### Data section
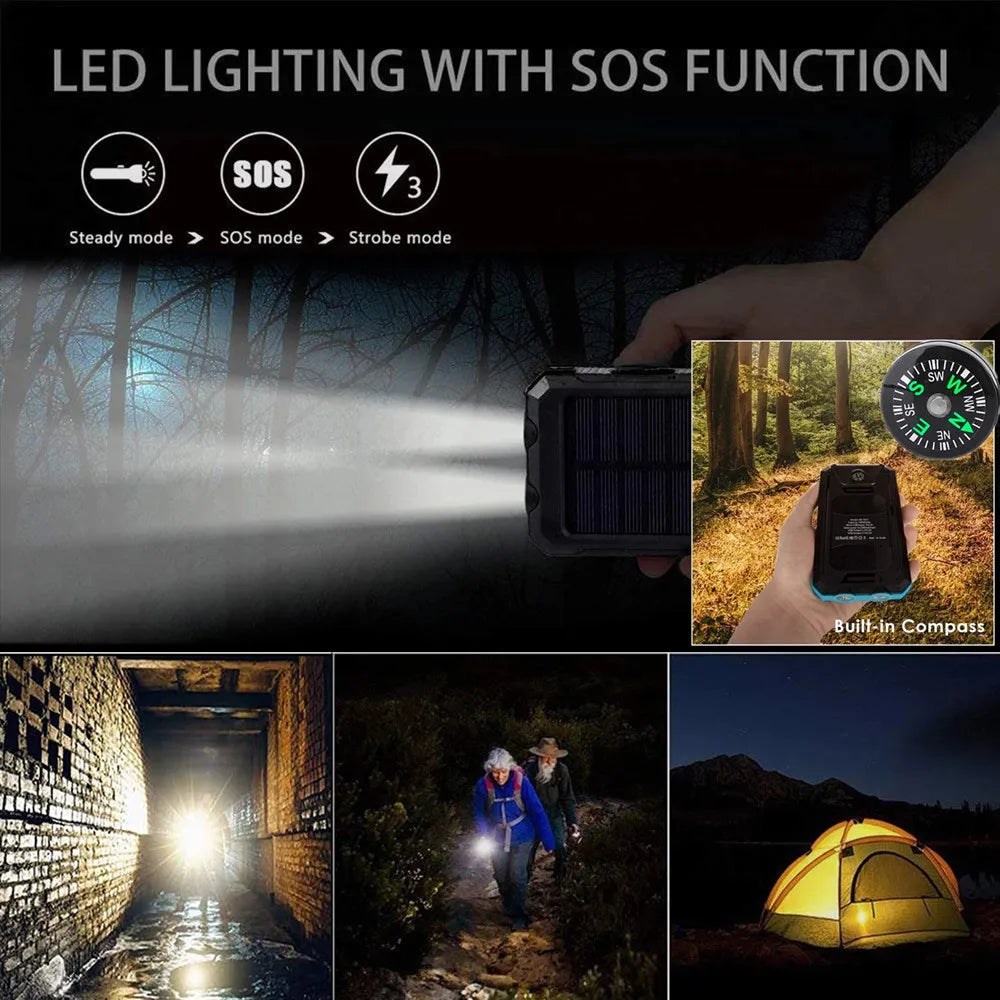 Portable Waterproof With LED Flashlights and Charging Ports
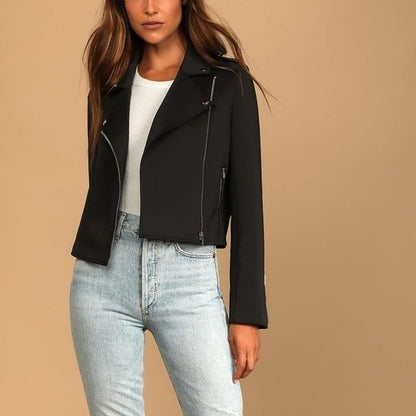 Lulus Living On the Edge Black Moto Jacket Size XL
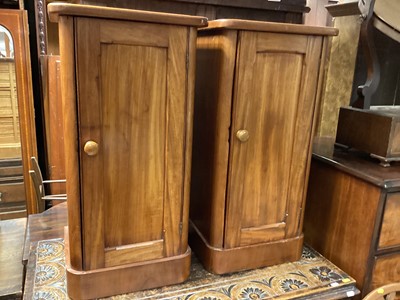 Lot 1382 - Pair of Victorian mahogany bedside cupboards, 37.5cm wide, 33cm deep, 74.5cm high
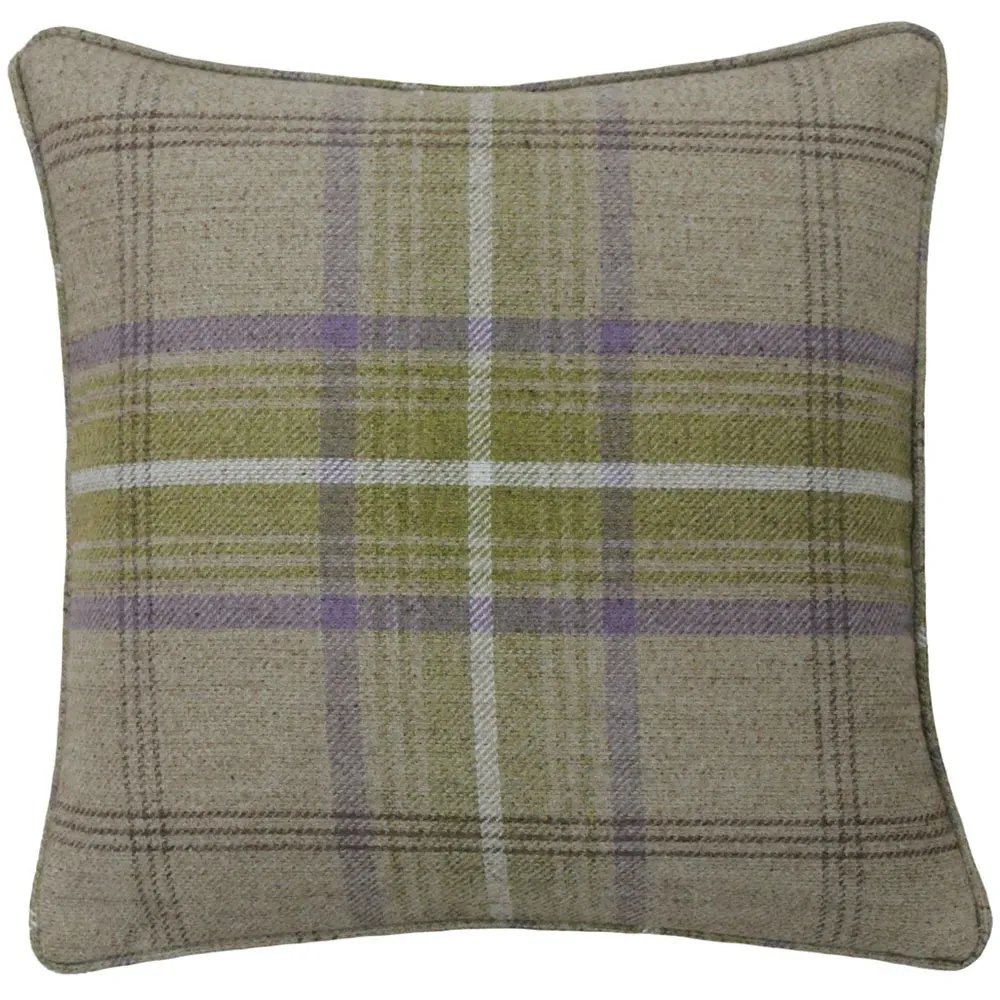 Aviemore Thistle Tartan Cushion - Brown, Faux Wool image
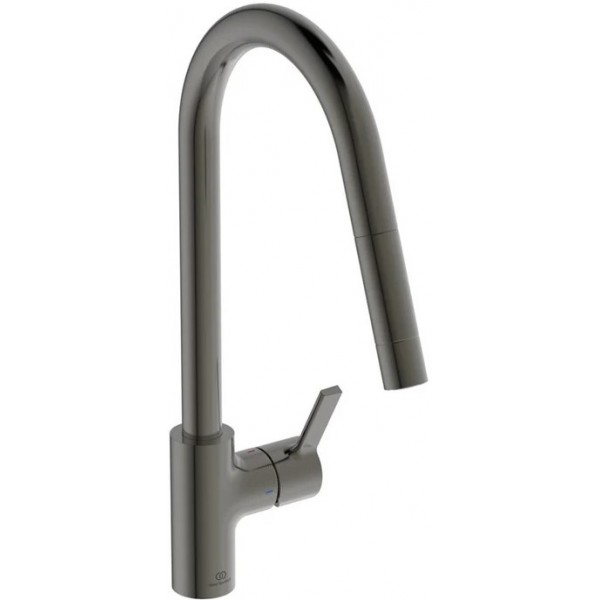 Kitchen tap Deck-mounted material: Brass with shower, color: Grey surface: Brushed Deck-mounted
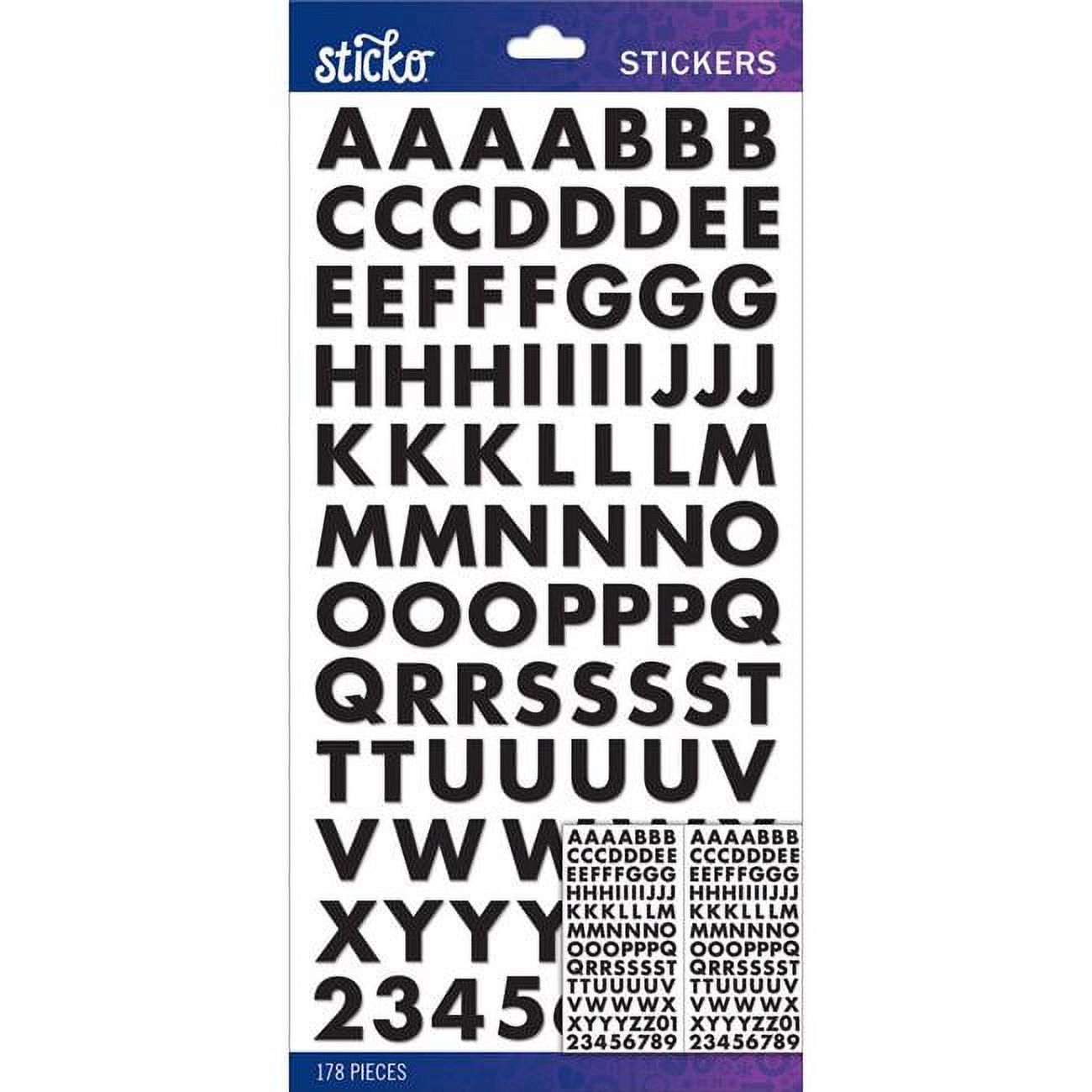 Sticko Alphabet StickersBlack Futura Bold Small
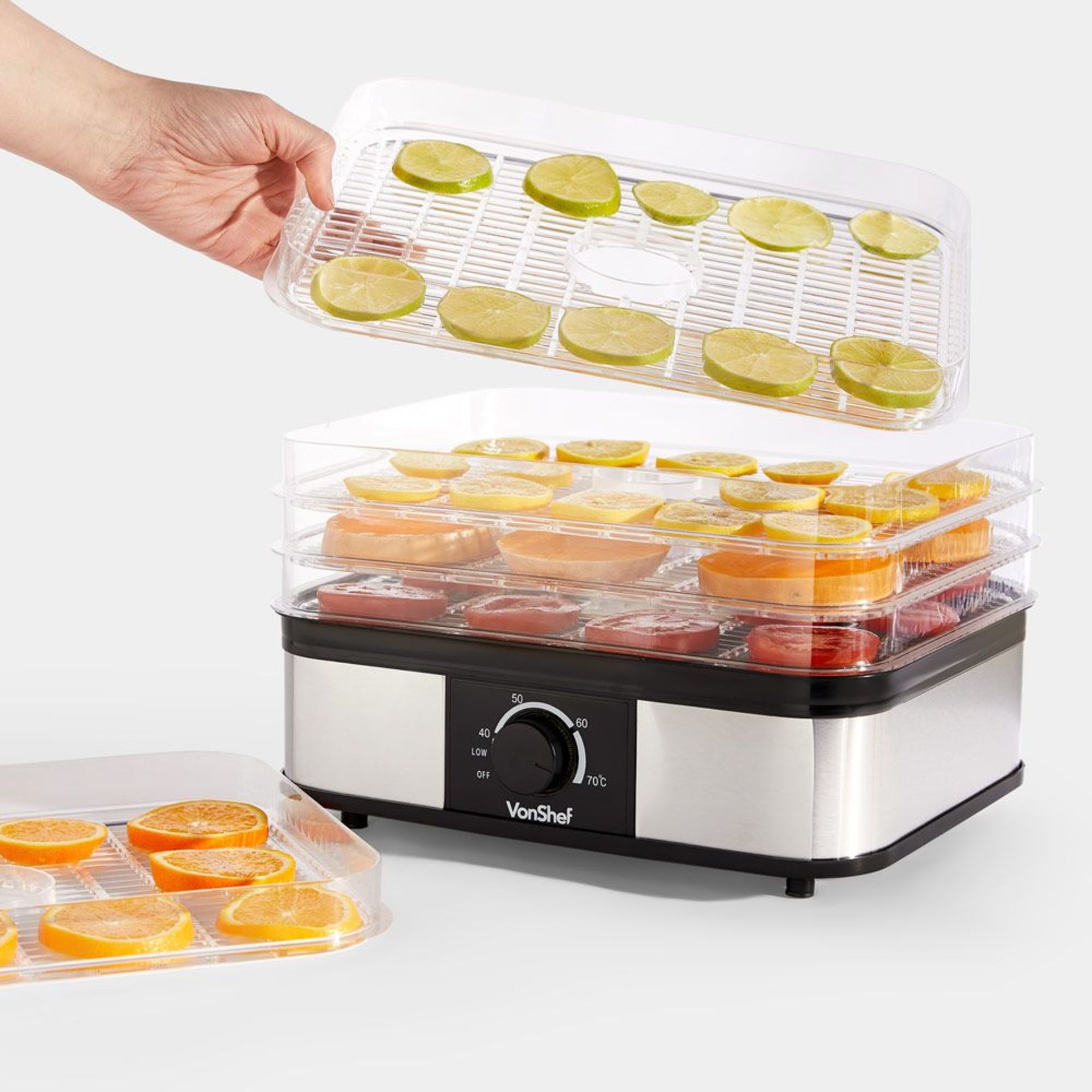 5 Tier Food Dehydrator. - AO. This dehydrator boasts a spacious 5 tray design and adjustable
######
About this exercise.
Reproduce the whole listing word for word, setting aside any pictures.

Task solution.
 Portable Waterproof With LED Flashlights and Charging Ports
 Lulus Living On the Edge Black Moto Jacket Size XL
 Lot 1382 - Pair of Victorian mahogany bedside cupboards, 37.5cm wide, 33cm deep, 74.5cm high
 Aviemore Thistle Tartan Cushion - Brown, Faux Wool image
 Kitchen tap Deck-mounted material: Brass with shower, color: Grey surface: Brushed Deck-mounted
 Sticko Alphabet StickersBlack Futura Bold Small
 5 Tier Food Dehydrator. - AO. This dehydrator boasts a spacious 5 tray design and adjustable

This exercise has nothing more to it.